Still, there is also the question of whether the Trump Administration’s actions are aimed at undercutting the ACA. Again, signals are mixed here. The Justice Department’s decision not to defend the law clearly aims at its complete dismantling, and the president himself still openly supports repeal. It is inarguable that the Trump Administration is seeking to overturn the ACA. That said, the data indicate that CMS’s management of the individual market under President Trump has been effective and has not had a detrimental impact on the marketplace (with the exception of the CSR decision). Both sides care about improving the individual market. The fight is about who gets credit.

 

Chart Review

Jonathan Keisling, Health Care Policy Analyst

H.R. 3, “The Lower Drug Costs Now Act of 2019,” requires manufacturers to negotiate the price of certain drugs with the Secretary of Health and Human Services, and if the manufacturer does not comply, the bill would impose an excise tax on the sales of the manufacturer.

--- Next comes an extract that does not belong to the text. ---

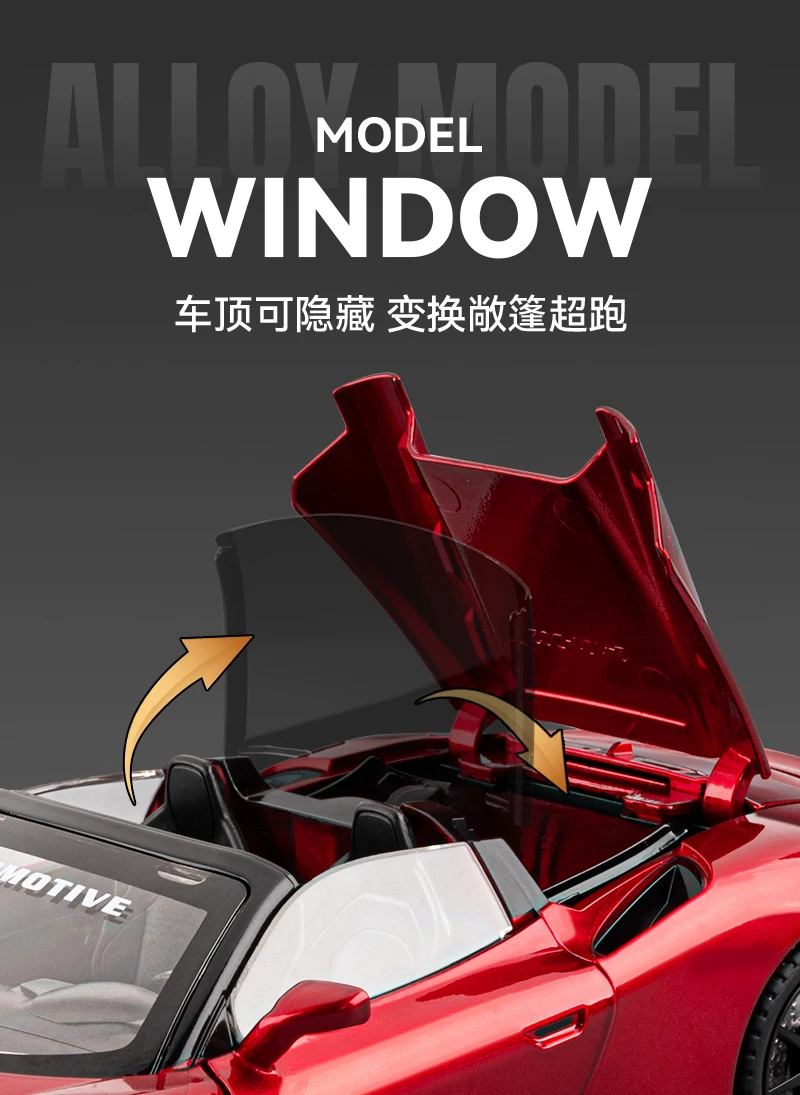 1/24 Maserati MC20 Cabrio Alloy Sports Car Model Diecast Metal Track Racing Car Vehicles Model Sound and Light Children Toy Gift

This tax has been portrayed as equaling a percentage of sales that ranged from 65 percent for the first 90 days of non-compliance to 95 percent for any period greater than 270 days. These rates, however, do not accurately reflect the penalty that will be assessed. These rates are proportions that are then used to determine the actual tax rates. These rates range from 186 percent of sales for the first 90 days of non-compliance to 1,900 percent of sales after 270 days of non-compliance.